The data:
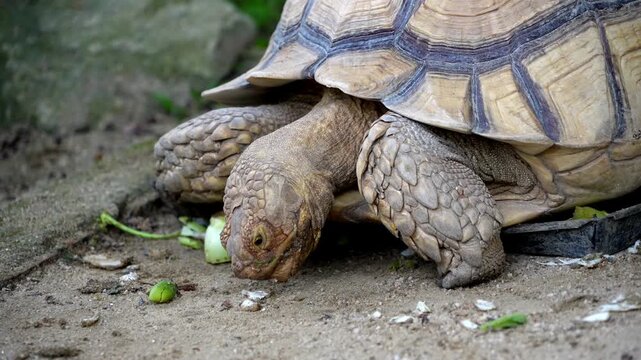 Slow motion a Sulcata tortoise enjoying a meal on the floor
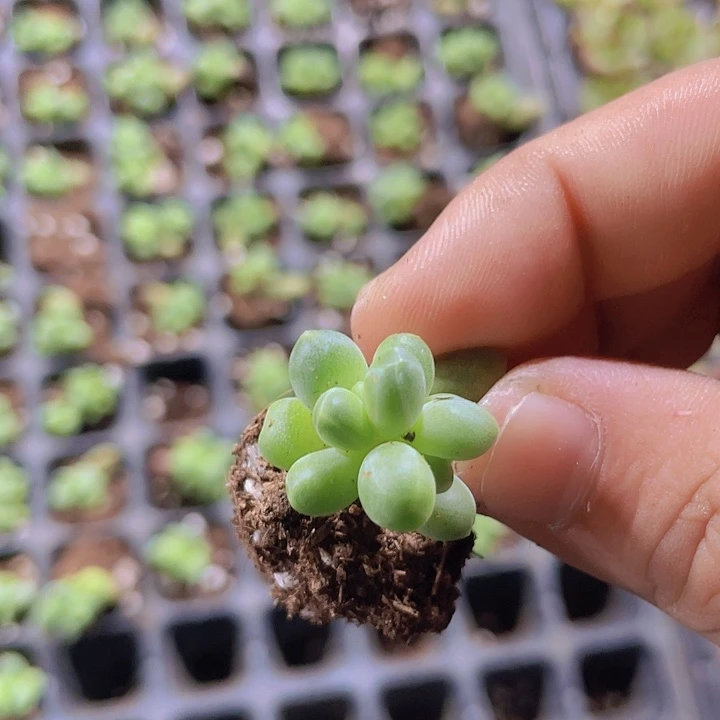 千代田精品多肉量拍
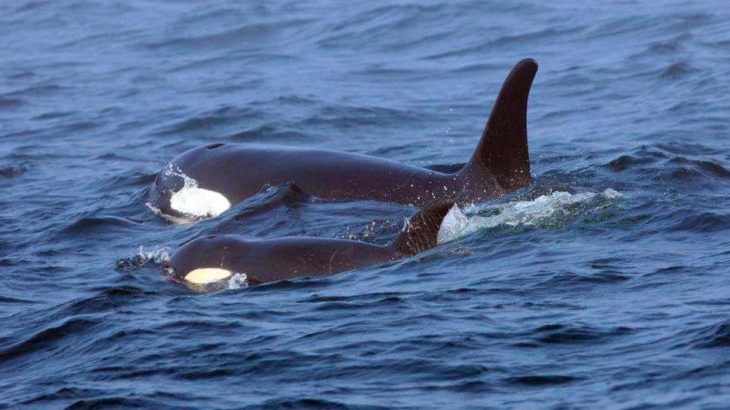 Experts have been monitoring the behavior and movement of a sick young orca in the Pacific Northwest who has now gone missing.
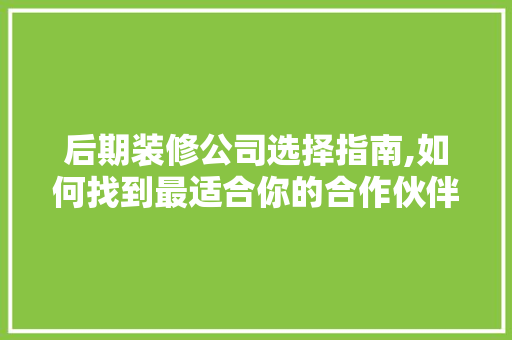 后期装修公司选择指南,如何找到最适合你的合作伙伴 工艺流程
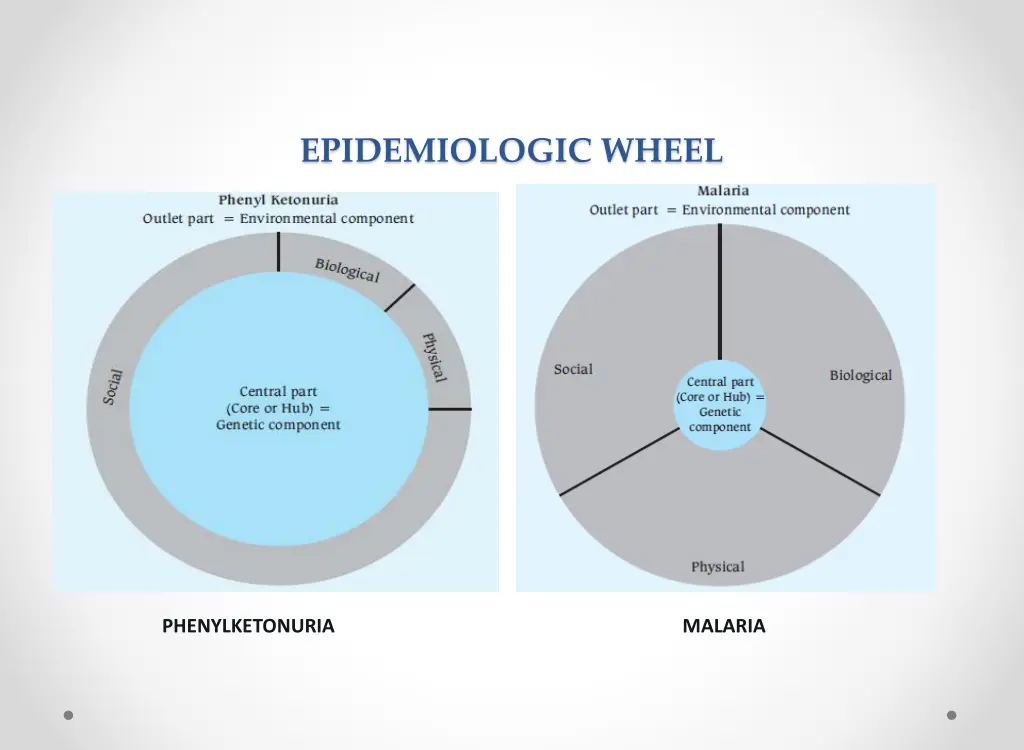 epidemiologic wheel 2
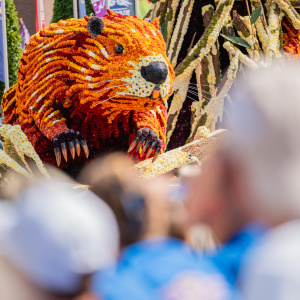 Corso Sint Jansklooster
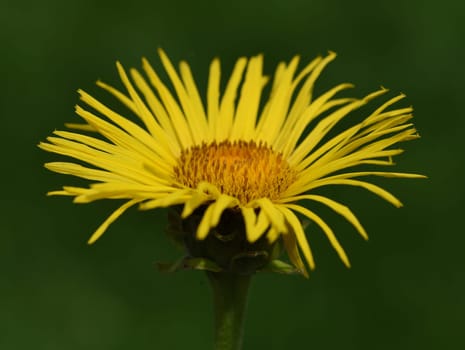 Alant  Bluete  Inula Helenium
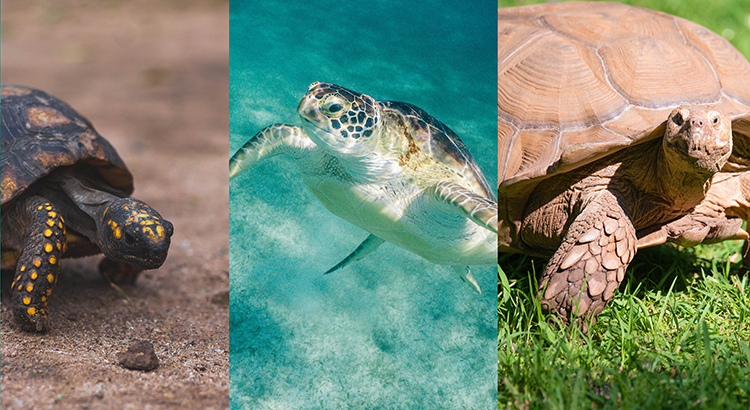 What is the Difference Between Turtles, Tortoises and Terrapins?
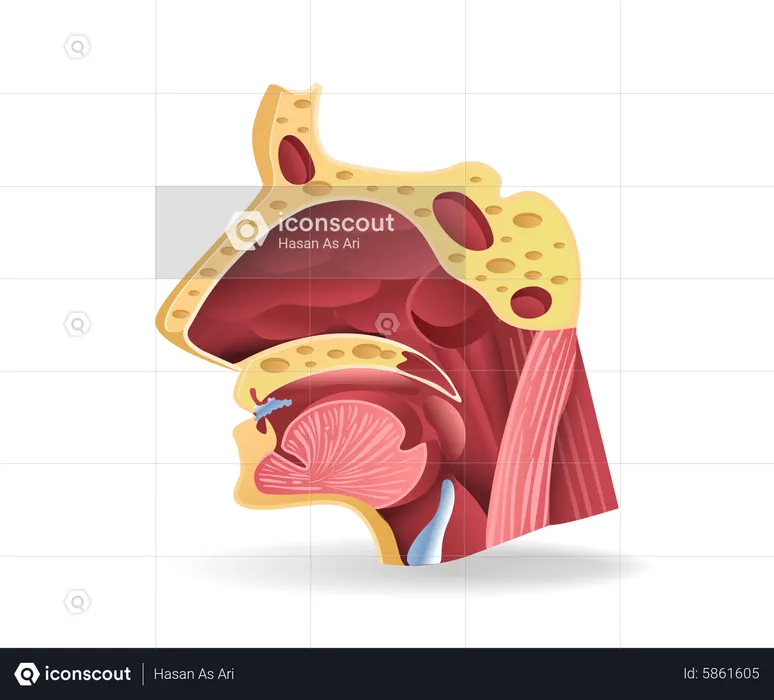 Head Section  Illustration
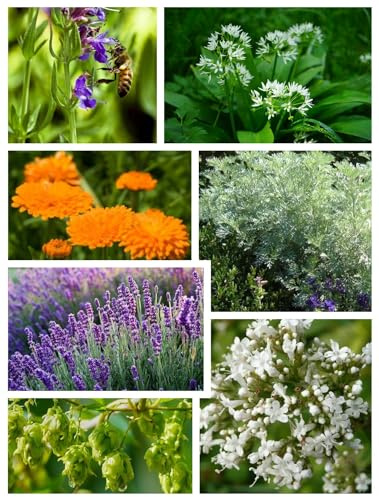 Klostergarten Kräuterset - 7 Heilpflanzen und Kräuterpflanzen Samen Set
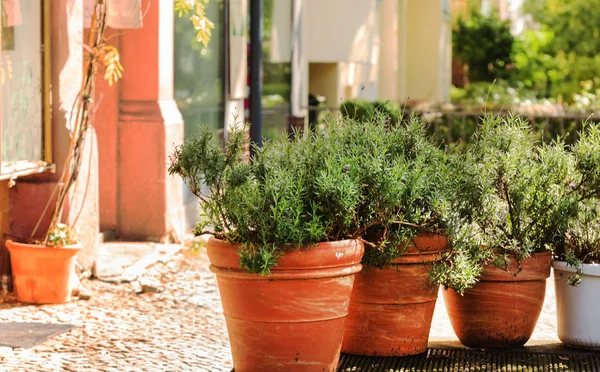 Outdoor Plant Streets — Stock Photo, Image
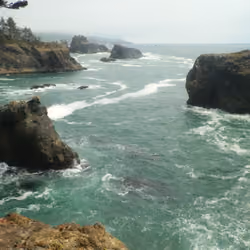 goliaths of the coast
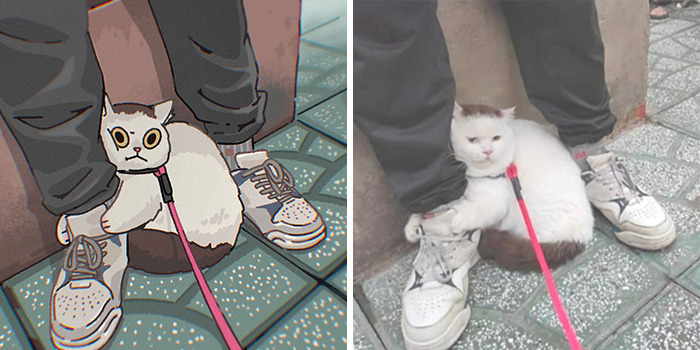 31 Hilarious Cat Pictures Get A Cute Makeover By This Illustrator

Instructions for the task:
Each line from the one containing "goliaths of the coast" through the last line of the entries above should be duplicated exactly, both included; leave out pictures and add nothing.

Solution:
 goliaths of the coast
 31 Hilarious Cat Pictures Get A Cute Makeover By This Illustrator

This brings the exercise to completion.